_Data extracts_
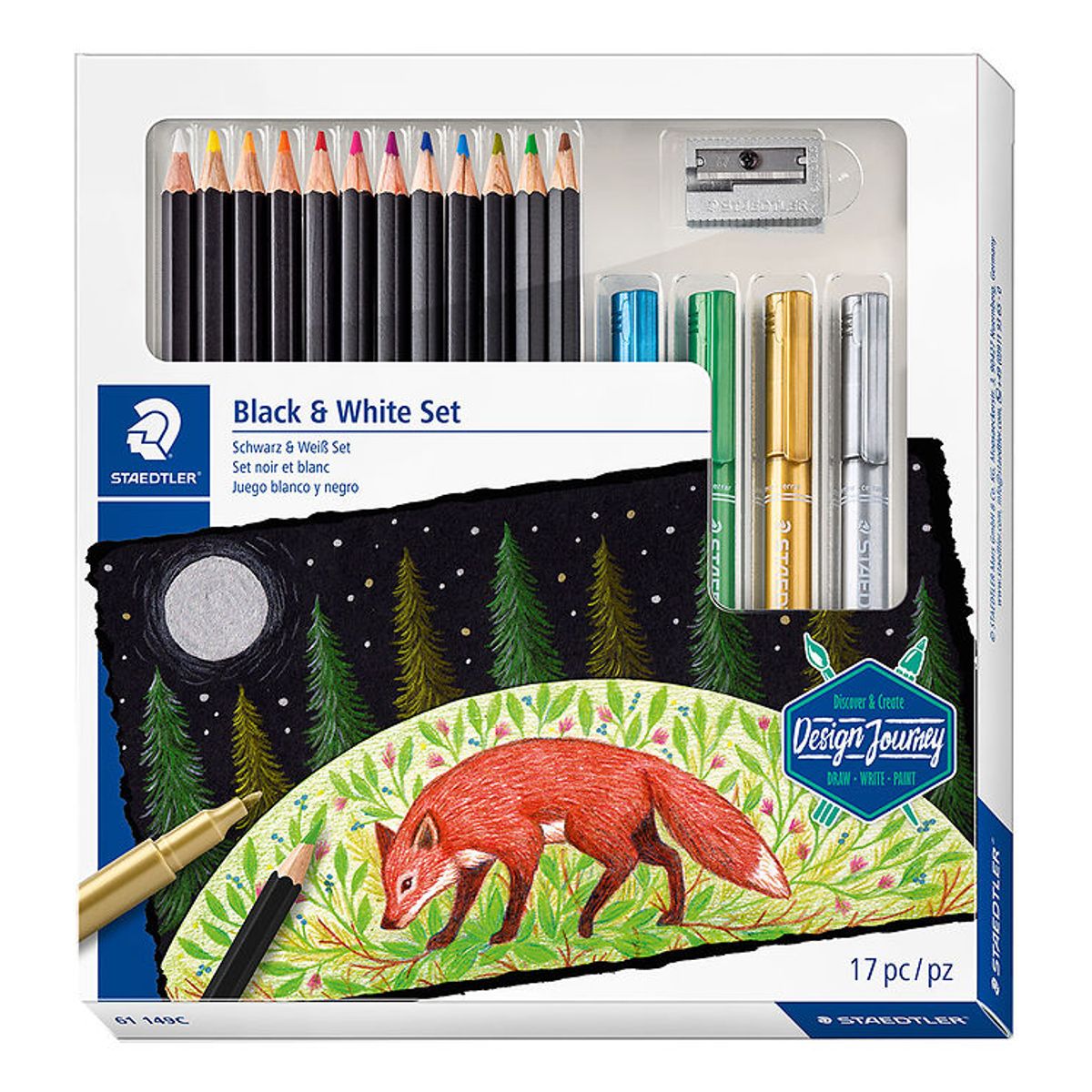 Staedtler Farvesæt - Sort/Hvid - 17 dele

* * *

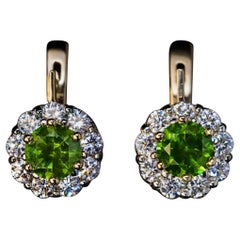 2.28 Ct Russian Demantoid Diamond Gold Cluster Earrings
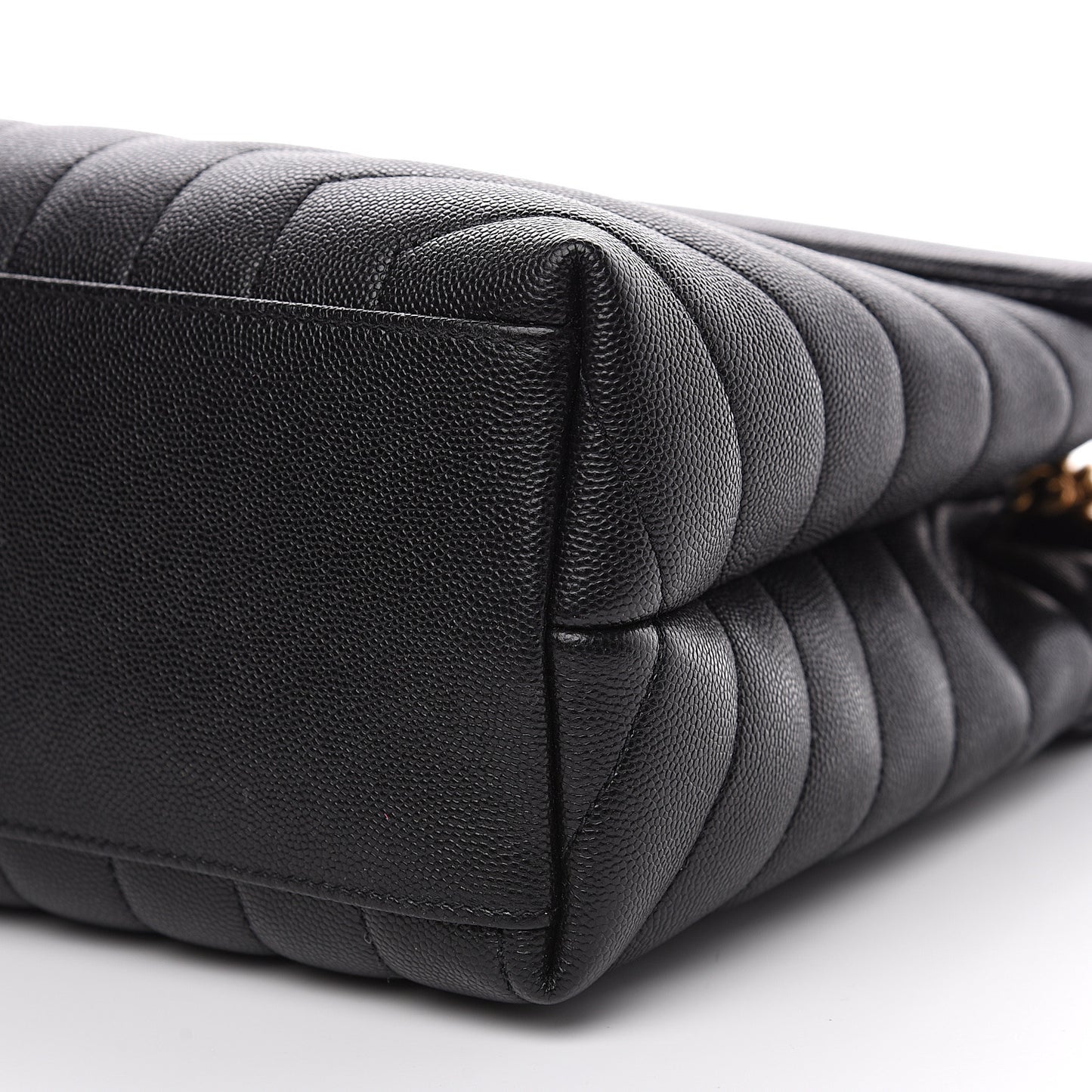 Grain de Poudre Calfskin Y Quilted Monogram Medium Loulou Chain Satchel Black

_Activity_
Transcribe, word for word, the lines of the listing above from the one that contains "2.28 Ct Russian" through the one that contains "Grain de Poudre", keeping both ends and dropping the pictures.

_Result of the task_
 2.28 Ct Russian Demantoid Diamond Gold Cluster Earrings
 Grain de Poudre Calfskin Y Quilted Monogram Medium Loulou Chain Satchel Black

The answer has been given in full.